Appending new line characters to files

Charles Curley charlescurley at charlescurley.com
Fri Mar 10 12:23:38 MST 2006


I changed your subject line to something more descriptive so as to
attract folks who (like me) rarely read more than the subject line.

On Fri, Mar 10, 2006 at 11:55:43AM -0700, Steve wrote:
> Hello all,
> My scriptfu is terrible, but anyways, I'm trying to compile a program
> that is completely crossplatform but was originally written using MS
> Visual Studio, as such numerous .cc and .h files do not have newline
> characters at the end.

And may have control Z at the end as well. This is an ancient CP/M and
DOS-ism that occasionally pops up.

> This is causing GCC to complain "Warning no newline at end of file!"
> which since there are 1593 files, means I'm getting ALOT of these
> essentially pointless messages.
> At first I thought Ok, I'll just figure out how to shut off the
> warnings from GCC but realised that would require a change to the make
> file.

And the problem is? All you need to do is find out where make gets the
options it feeds to gcc. By ancient and honorable custom, there should
be one or more variables called OPTS or variations on that theme.

If the makefile was generated by VS, you will have some hacking to do
there as well to make it cross platform.

> What I really want to do is parse one directory and all of it's
> subdirectories (it's really, really deep), and just append a newline
> character to each file which does not have one.

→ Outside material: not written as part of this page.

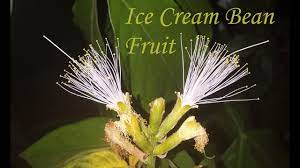 Extremely rare ice cream bean tree in a 3 gallon container. Ice Cream Bean Flowering Youtube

Why bother with the conditional? Why not just append a new line to
each file, needed or not? That should allow you to do something like:

find -type f \( -iname *.h -o -iname *.c \) -exec foo {} /;

where foo is an awk command or some such that simply appends what you
need.

However, if you want to retain cross-compilation compatibility, you
need to add both a new line character and a carriage return (I forget
which comes first).

> 
> I looked at the perlscript called "deep" which looked like it would do
> the trick, but when I tried it, it literally appened \n rather than
> the newline character itself, which busted my entire build.

Well, at least you have some perl code you can hack.